Go to the line with "ROTATE Birger Christensen" in the records below, then output it and each following line exactly, up to and including the line with "Beige Flowers Boho". Skip pictures and add nothing.

• **EXTRACTED INFORMATION**
-.-.-

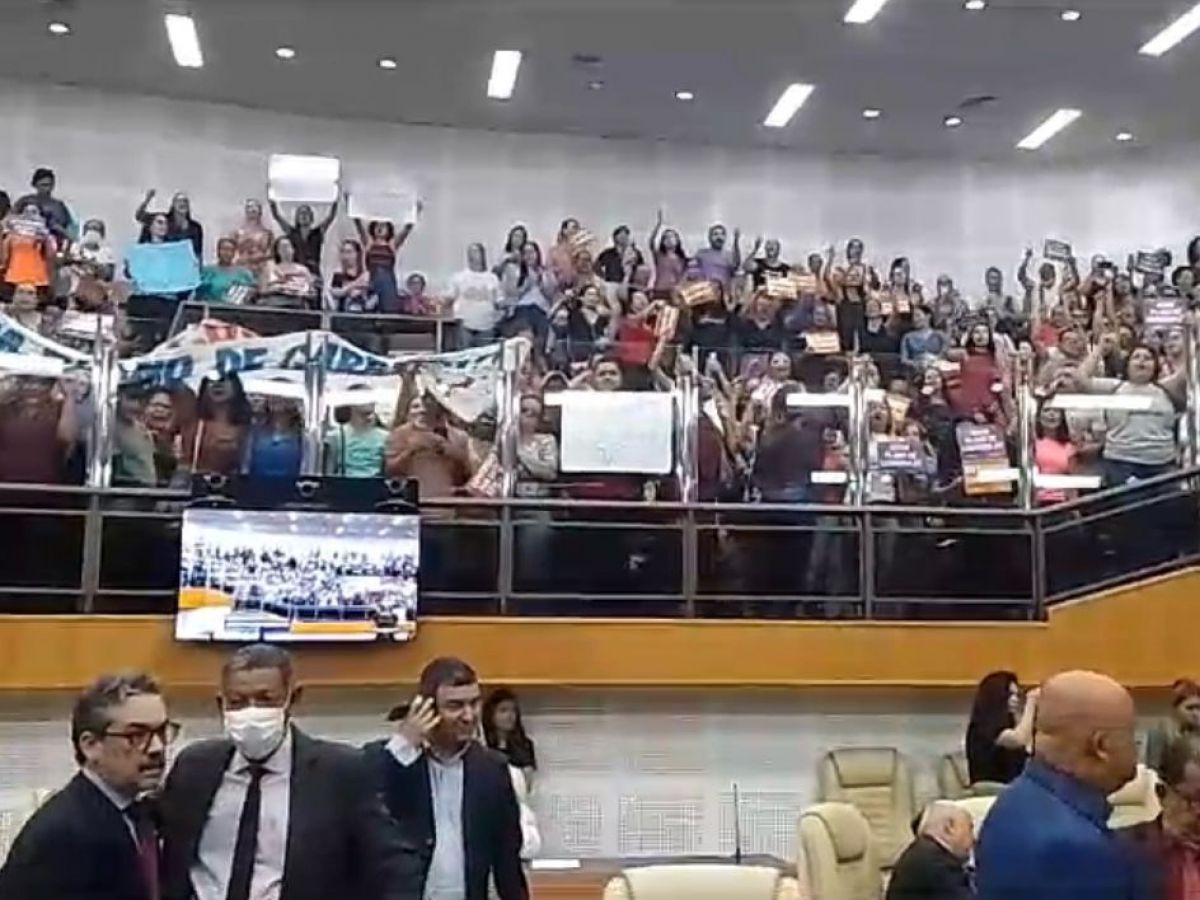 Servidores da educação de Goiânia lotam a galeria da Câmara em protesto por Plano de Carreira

-.-.-

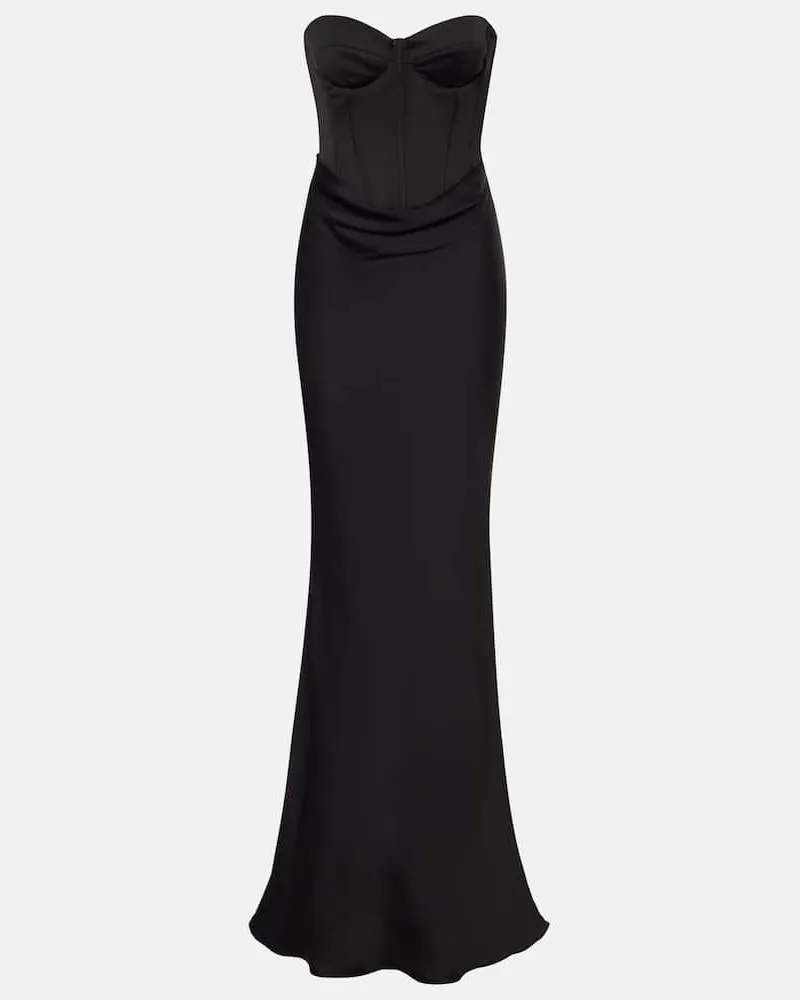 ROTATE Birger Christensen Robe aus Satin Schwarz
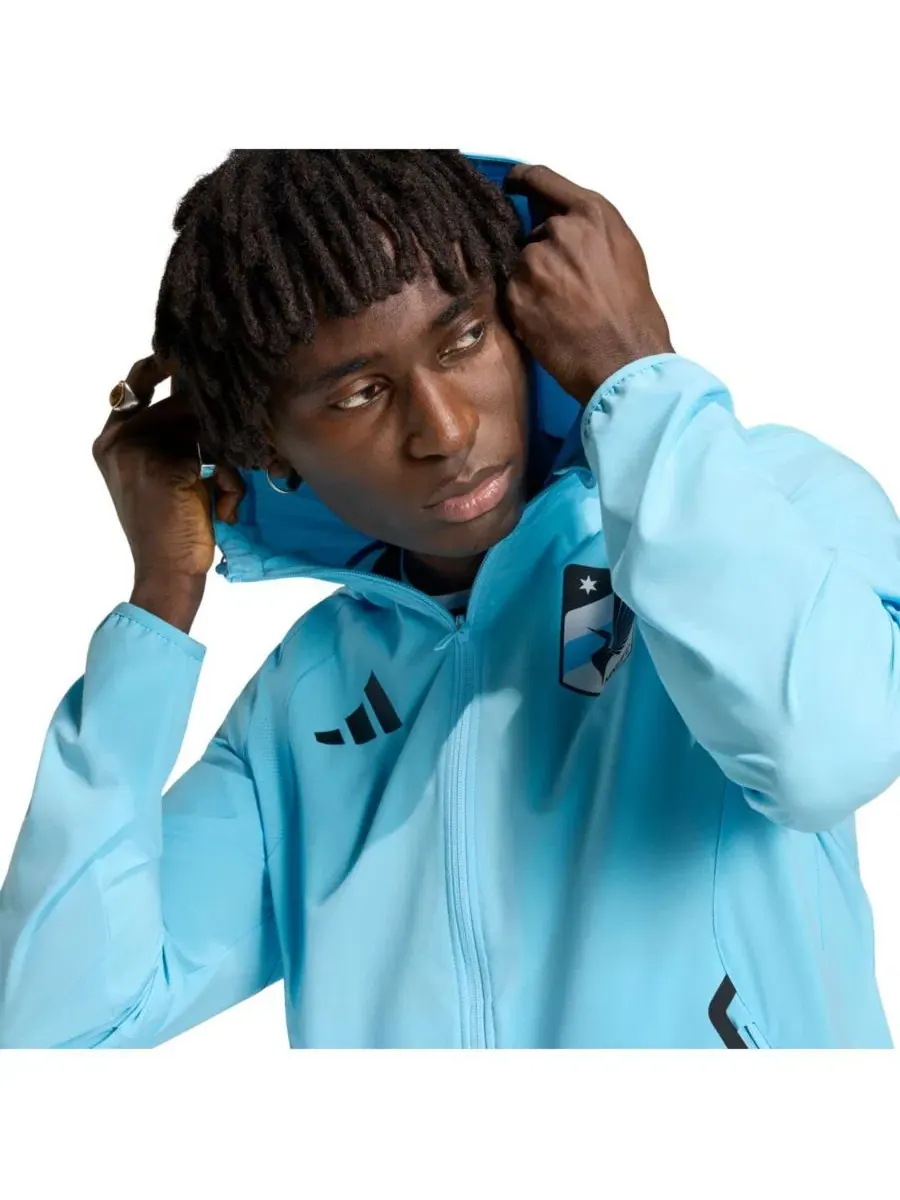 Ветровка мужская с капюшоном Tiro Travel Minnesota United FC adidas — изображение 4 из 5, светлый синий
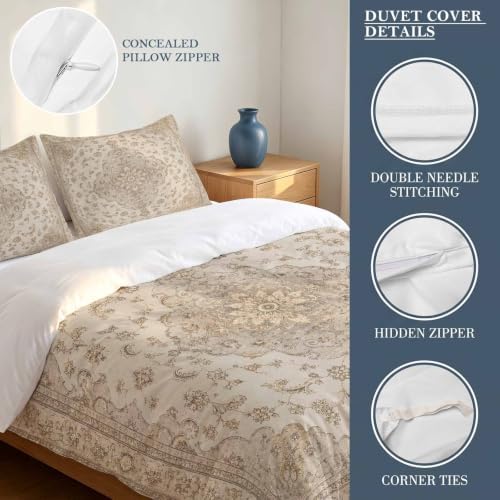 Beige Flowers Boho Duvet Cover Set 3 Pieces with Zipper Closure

-.-.-

• **YOUR SOLUTION**
 ROTATE Birger Christensen Robe aus Satin Schwarz
 Ветровка мужская с капюшоном Tiro Travel Minnesota United FC adidas — изображение 4 из 5, светлый синий
 Beige Flowers Boho Duvet Cover Set 3 Pieces with Zipper Closure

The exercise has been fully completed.